FlexRay Getting Started

Prerequisites

  • icsneopy installed (see Installation)

  • FlexRay hardware device connected (e.g., Fire3 Flexray)

  • Proper FlexRay bus termination (100Ω on each channel end)

Physical Hardware Setup for Two-Node Testing

For testing the basic transmit and receive examples with a single device:

  • Hardware: Device with dual FlexRay controllers (e.g., neoVI FIRE 3 Flexray)

  • Connection: FLEXRAY_01 Channel A looped to FLEXRAY_02 Channel A

  • Termination: 100Ω termination resistors on both ends of the loopback

  • Cable: Use proper FlexRay twisted pair cable (impedance matched)

Note

The basic transmit/receive examples are configured for this loopback setup where both controllers act as coldstart nodes. For use on an existing FlexRay network, see the passive monitoring configuration notes in the receive example.

FlexRay Coldstart

FlexRay networks require at least one “coldstart node” to initialize the network timing. The coldstart node is responsible for starting the FlexRay communication cycle.

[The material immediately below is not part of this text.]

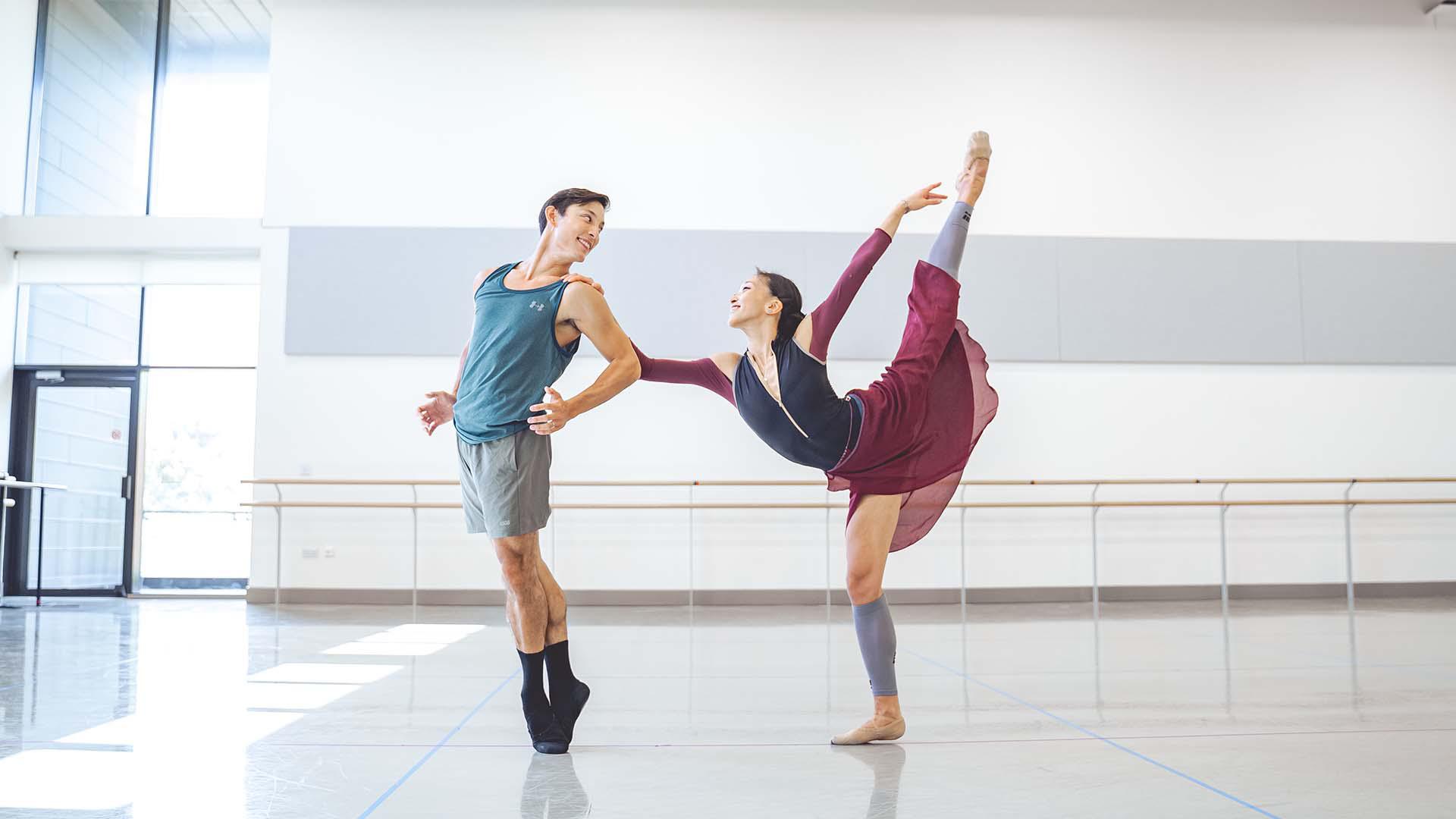 A female dancer is in full arabesque with her leg hyper extended while she holds on to another dancer who is on his toes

For a complete standalone coldstart example, see the Additional Examples section below.

Basic Setup

  1. Import the library and find FlexRay device:

import icsneopy

devices = icsneopy.find_all_devices()

# Find a device with FlexRay support
device = None
for dev in devices:
    if dev.get_extension("FlexRay"):
        device = dev
        break

if not device:
    raise RuntimeError("No FlexRay-capable device found")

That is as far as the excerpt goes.